* [Data provided]
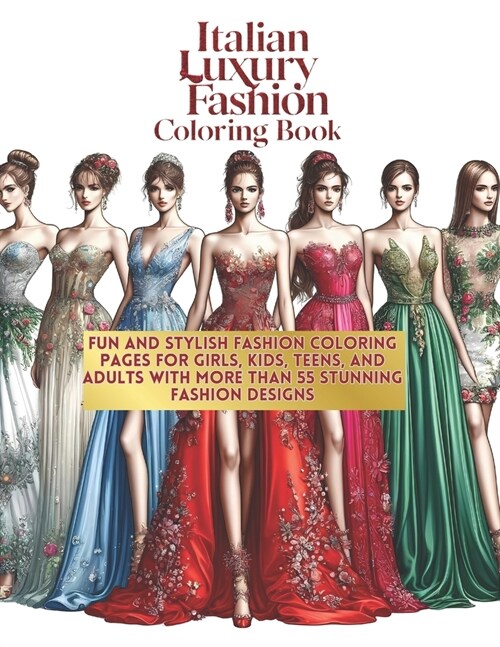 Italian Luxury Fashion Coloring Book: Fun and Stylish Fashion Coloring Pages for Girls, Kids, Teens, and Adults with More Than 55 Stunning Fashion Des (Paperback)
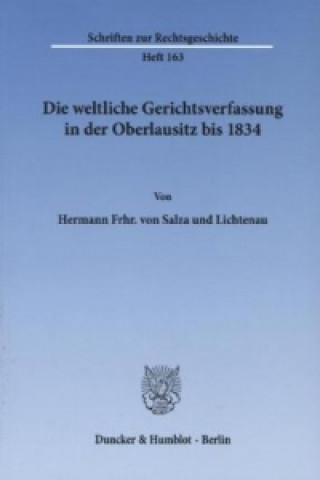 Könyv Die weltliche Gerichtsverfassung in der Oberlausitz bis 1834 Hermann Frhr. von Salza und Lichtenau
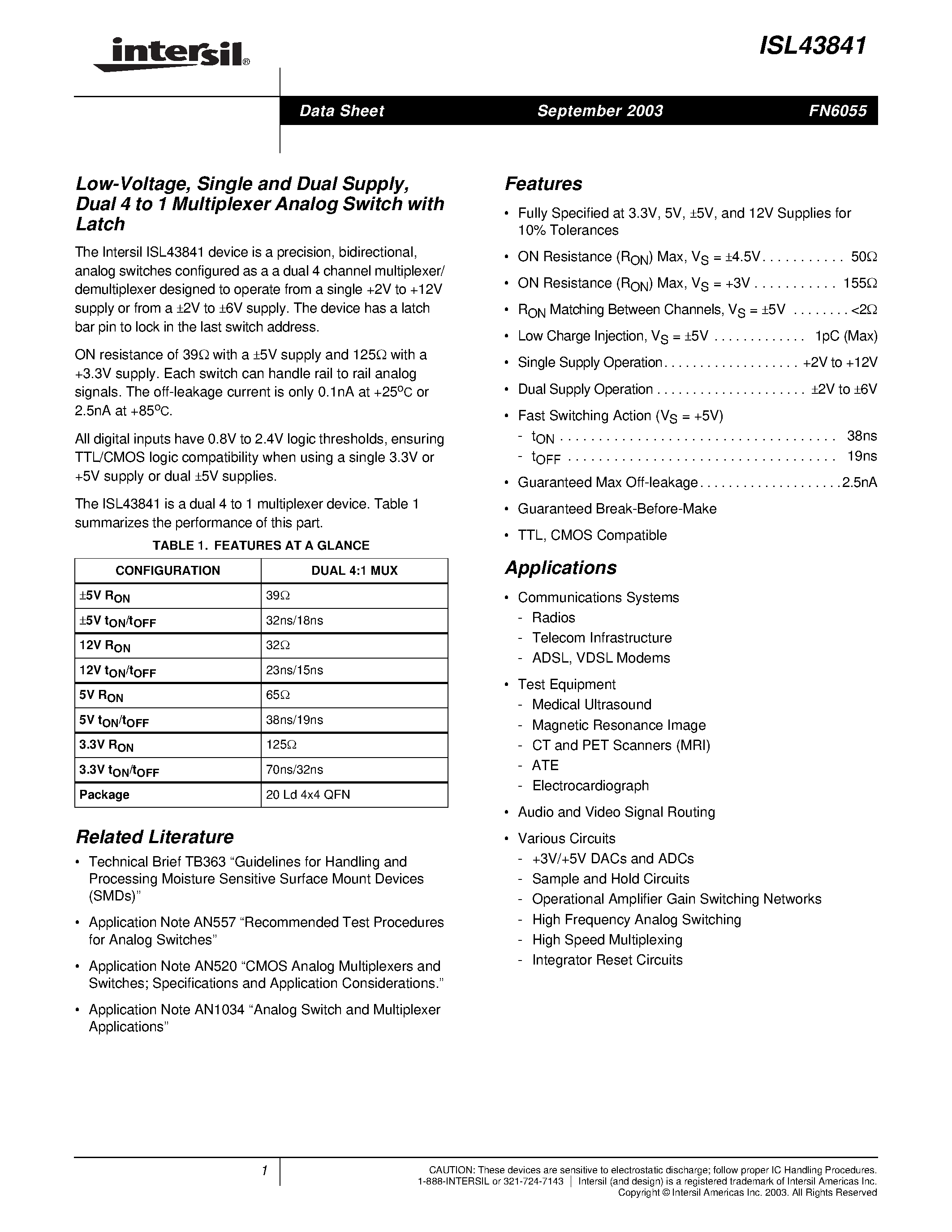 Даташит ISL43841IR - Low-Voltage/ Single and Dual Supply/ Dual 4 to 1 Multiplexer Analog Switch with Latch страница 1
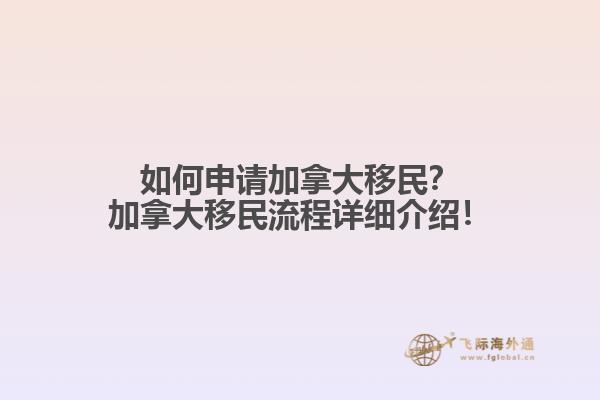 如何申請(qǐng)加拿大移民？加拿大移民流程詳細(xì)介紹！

* [Aim of the task] Recopy the full listing exactly, passing over any picture.

* [Solved problem]
 Italian Luxury Fashion Coloring Book: Fun and Stylish Fashion Coloring Pages for Girls, Kids, Teens, and Adults with More Than 55 Stunning Fashion Des (Paperback)
 Könyv Die weltliche Gerichtsverfassung in der Oberlausitz bis 1834 Hermann Frhr. von Salza und Lichtenau
 Даташит ISL43841IR - Low-Voltage/ Single and Dual Supply/ Dual 4 to 1 Multiplexer Analog Switch with Latch страница 1
 如何申請(qǐng)加拿大移民？加拿大移民流程詳細(xì)介紹！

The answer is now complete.